On Sunday, May 7, in Red Sucker Lake First Nation, a group of kids, ages 10 to 12, scooped an eight-month-old puppy named Polo from Manitoba, Canada, and threw him into a scorching fire pit.
His burns were so severe that doctors couldn’t identify his breed or mix.
When the dog went home, the family found him severely burned. The family immediately contacted the Save A Dog Network Canada, a Winnipeg-based organization that has worked tirelessly to engage First Nations communities in spaying and neutering the overpopulated stray dog population. The organization took Polo all the way to Winnipeg for treatment for his extensive burns and lesions.
Katie Powell, the founder of the organization, told CityNews, “His whole body was smoking … he had smoke and bubbles coming from his nose.”
CBC News reported that Polo was rushed to Tuxedo Animal Hospital on Monday. Now, the dog was treated for second-degree burns on his nose, mouth, paws, testicles, and belly. His throat and lungs were swollen, and there were ulcers in his eyes from smoke damage.
With so much damage, surviving the fire was just sheer luck. It was Polo’s thick coat fur that protected his skin.
Polo’s family had to make a hard decision.
The family is thankful to the organization, but, they are surrendering the puppy to a rescue group in Vancouver to be put up for adoption. The family believed that Polo will not be safe living with them in Manitoba anymore.
The kids targeted the poor dog when one of the children in the family was being bullied, and the dog tried to defend the child.
Powell told CityNews that after such a traumatizing experience, “The children are devastated. The family is at a loss for words.”
Even with the burns, Polo still wags his tail.
Despite of suffering agonizing burns, his spirit never wavered.
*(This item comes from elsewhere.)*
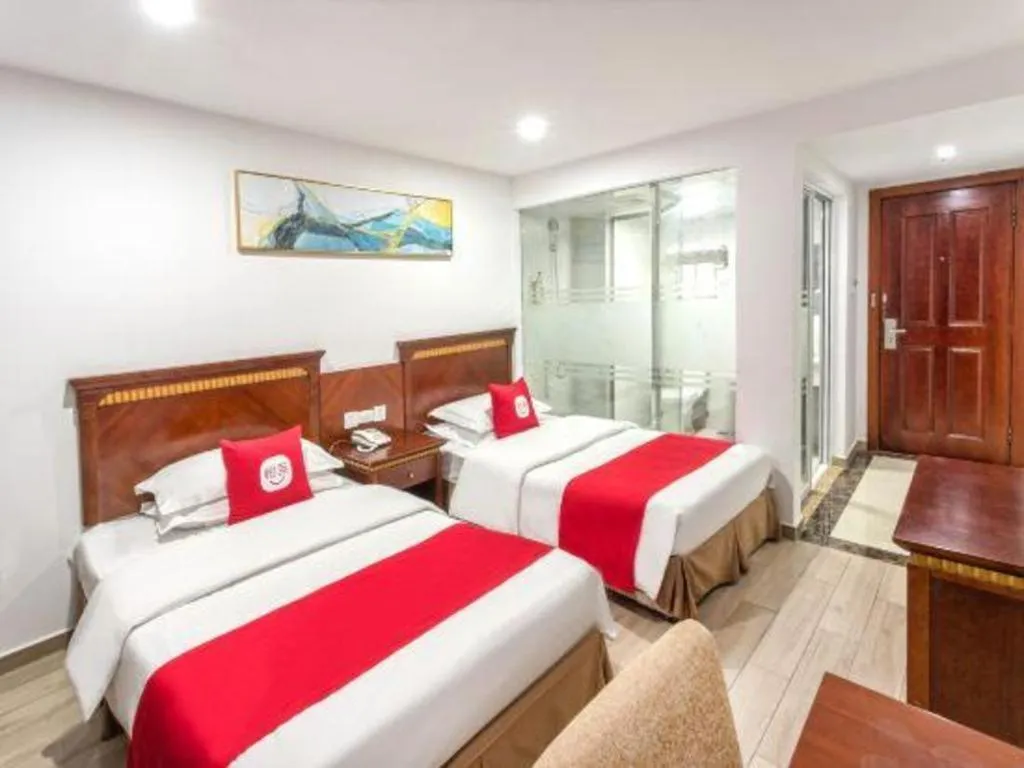 Bed in Nantong GuoDu Hotel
Powell told Today that he “is such a little ham. Despite his hardships, he’s a happy guy.”
The dog, occasionally, wags his tail to show appreciation for his treatment. At the hospital, he’s treated with the utmost care to help him heal from the ordeal. According to Today, veterinarian Jonas Watson administered antibiotics and pain medication while also bathing and bandaging Polo to coax him back to good health.
“He’s a tough little dog,” said Watson.
It took time to mend his burns, clean the soot off of his fur, and prevent him from falling sick, but according to Powell’s Facebook account, now, the dog is ready to trot out of the hospital and into the arms of a new family in Vancouver.
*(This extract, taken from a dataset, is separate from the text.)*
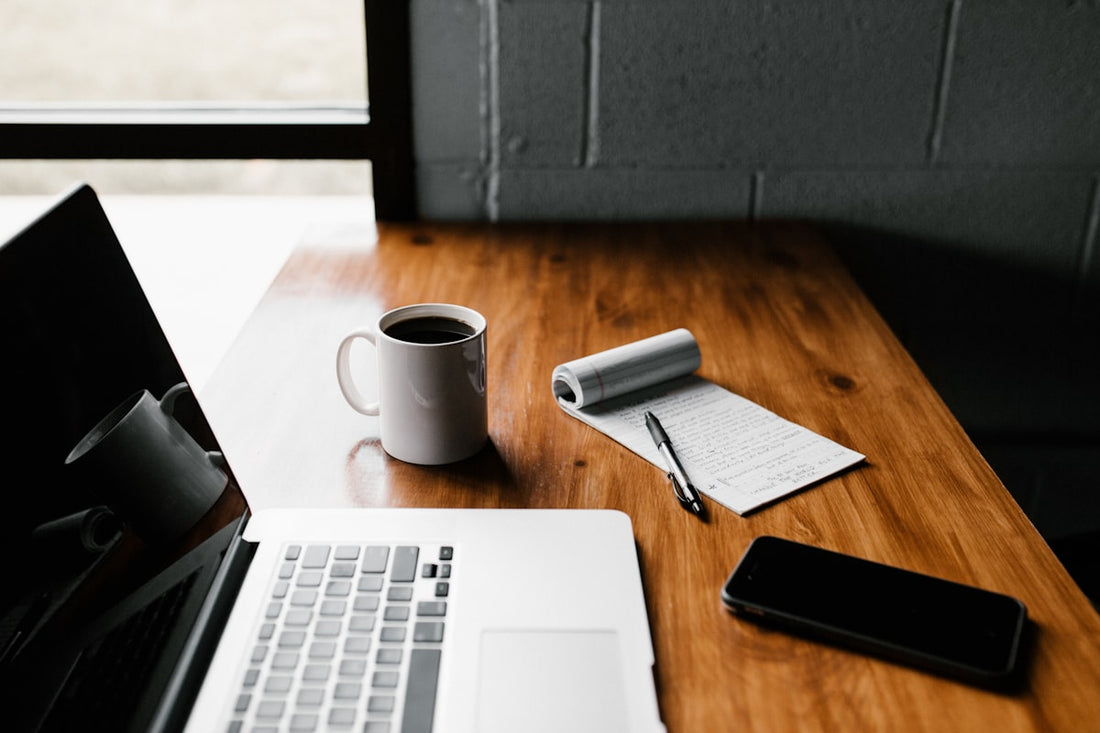 Person focused at a clean minimal desk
Powell told Epoch Times that Polo has many people have since offered to adopt Polo. The puppy’s lungs and paws have healed, and the wound on his back is much better. He’s at a different rescue center now and ready to find his forever home.
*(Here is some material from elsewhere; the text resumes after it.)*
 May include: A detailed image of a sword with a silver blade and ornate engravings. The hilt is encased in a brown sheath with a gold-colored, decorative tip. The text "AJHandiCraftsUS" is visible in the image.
Powell, founder of Save the Dog Network in Canada, has been rescuing animals for about five years now. Her organization provides the much needed education and veterinary services that many communities in Northern Canada do not have access to.
What happens, then, is that dogs reproduce quickly and form packs, Powell explained. They quickly turn dangerous and can attack people and even hurt of kill children if it gets out of control. At any given time, there can be 50 to 350 dogs in a neighborhood, not because of negligence, but simply because people don’t have access to veterinary services, Powell said.
“There’s a big gap in support,” Powell said.
Five years ago, she encountered a hurt dog who ended up needed severe surgery. The costs added up to $10,000, and “I could not let it go,” Powell said.
She ended up fundraising to save the dog, and never turned back. “You just fall in love with it.”